SOURCE DATA -
------------------------------

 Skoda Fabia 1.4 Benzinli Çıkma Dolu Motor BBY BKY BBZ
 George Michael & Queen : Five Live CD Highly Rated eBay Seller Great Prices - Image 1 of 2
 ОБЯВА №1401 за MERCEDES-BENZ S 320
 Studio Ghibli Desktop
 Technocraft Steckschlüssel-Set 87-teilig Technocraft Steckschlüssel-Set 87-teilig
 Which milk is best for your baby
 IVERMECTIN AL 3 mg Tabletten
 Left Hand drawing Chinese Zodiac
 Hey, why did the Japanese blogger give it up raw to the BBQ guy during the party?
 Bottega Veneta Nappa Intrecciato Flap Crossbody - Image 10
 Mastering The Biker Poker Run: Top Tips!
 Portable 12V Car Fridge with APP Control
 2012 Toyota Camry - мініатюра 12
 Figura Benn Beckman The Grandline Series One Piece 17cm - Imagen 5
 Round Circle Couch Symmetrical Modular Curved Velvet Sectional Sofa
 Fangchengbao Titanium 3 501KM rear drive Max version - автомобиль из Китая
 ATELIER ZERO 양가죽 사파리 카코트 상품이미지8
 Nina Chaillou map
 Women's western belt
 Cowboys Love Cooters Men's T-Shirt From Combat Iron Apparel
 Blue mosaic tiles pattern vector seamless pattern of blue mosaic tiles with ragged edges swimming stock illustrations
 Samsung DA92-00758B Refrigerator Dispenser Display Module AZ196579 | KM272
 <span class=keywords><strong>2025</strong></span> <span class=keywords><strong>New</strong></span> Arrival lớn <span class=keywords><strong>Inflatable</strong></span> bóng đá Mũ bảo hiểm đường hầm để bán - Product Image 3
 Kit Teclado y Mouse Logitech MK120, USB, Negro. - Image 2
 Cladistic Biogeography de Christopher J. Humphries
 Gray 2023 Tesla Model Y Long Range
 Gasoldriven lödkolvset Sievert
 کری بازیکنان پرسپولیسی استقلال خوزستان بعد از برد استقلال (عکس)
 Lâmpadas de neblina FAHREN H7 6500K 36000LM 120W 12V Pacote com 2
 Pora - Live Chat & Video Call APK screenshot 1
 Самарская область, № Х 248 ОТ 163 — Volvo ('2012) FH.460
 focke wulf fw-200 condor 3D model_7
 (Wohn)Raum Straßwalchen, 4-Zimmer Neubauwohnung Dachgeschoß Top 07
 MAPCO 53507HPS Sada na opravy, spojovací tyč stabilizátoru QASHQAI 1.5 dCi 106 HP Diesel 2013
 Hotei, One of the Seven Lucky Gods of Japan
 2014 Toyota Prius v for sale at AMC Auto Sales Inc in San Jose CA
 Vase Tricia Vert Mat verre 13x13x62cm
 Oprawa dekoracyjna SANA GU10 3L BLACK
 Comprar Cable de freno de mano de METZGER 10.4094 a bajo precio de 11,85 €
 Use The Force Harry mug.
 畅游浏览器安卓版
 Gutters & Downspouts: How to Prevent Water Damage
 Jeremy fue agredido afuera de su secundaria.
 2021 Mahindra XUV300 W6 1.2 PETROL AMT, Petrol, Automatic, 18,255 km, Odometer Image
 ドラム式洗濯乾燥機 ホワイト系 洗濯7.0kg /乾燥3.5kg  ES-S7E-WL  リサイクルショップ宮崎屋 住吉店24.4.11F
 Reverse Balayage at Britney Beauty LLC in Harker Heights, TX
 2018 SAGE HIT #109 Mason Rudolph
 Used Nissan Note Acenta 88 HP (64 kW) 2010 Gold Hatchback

------------------------------

DESCRIPTION OF THE TASK -
Set down, from the entries above, exactly the lines from the one with "2012 Toyota Camry - мініатюра 12" up to and including the one with "ATELIER ZERO 양가죽 사파리 카코트 상품이미지8", and no other lines.

EXERCISE SOLUTION -
 2012 Toyota Camry - мініатюра 12
 Figura Benn Beckman The Grandline Series One Piece 17cm - Imagen 5
 Round Circle Couch Symmetrical Modular Curved Velvet Sectional Sofa
 Fangchengbao Titanium 3 501KM rear drive Max version - автомобиль из Китая
 ATELIER ZERO 양가죽 사파리 카코트 상품이미지8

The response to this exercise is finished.